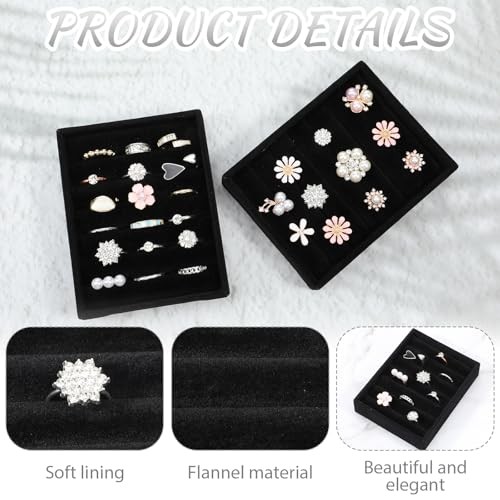2 PCS Black Velvet Stackable Ring Organizer Tray, Earrings Display Tray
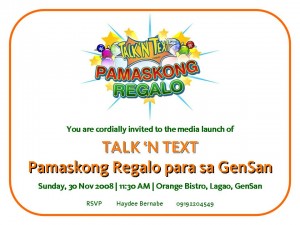 Media Invite for Robin Padilla Presscon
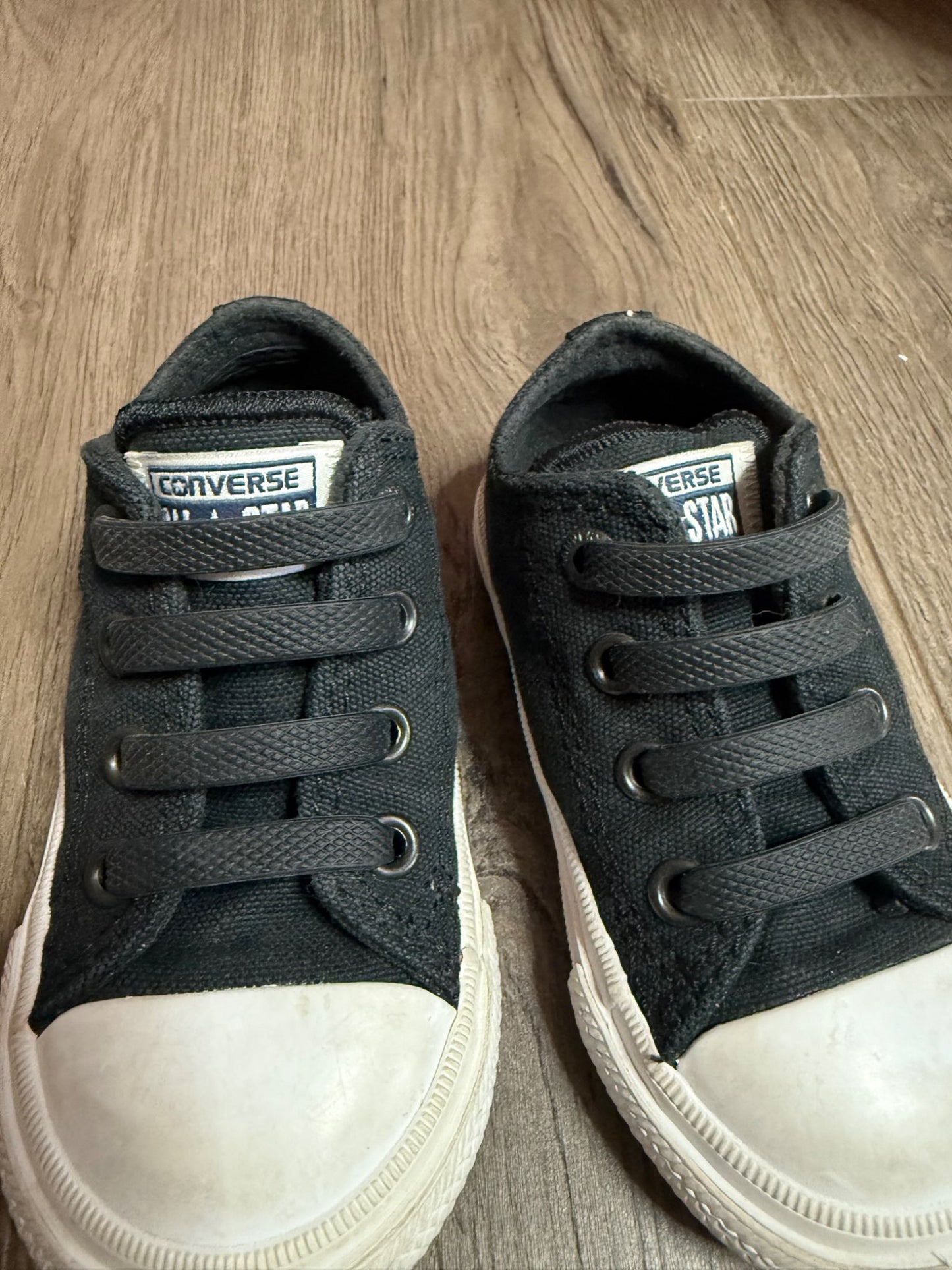 Converse Chuck Taylor’s - All Black Stitching, Size 5 (w/ Stretch Laces), Shoes 5 (Walkers:12-24 mth)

■ What the task requires ■
Without any pictures, restate word for word only the lines from the one with "Media Invite for Robin Padilla Presscon" through the end of the listing.

■ Written solution ■
 Media Invite for Robin Padilla Presscon
 Converse Chuck Taylor’s - All Black Stitching, Size 5 (w/ Stretch Laces), Shoes 5 (Walkers:12-24 mth)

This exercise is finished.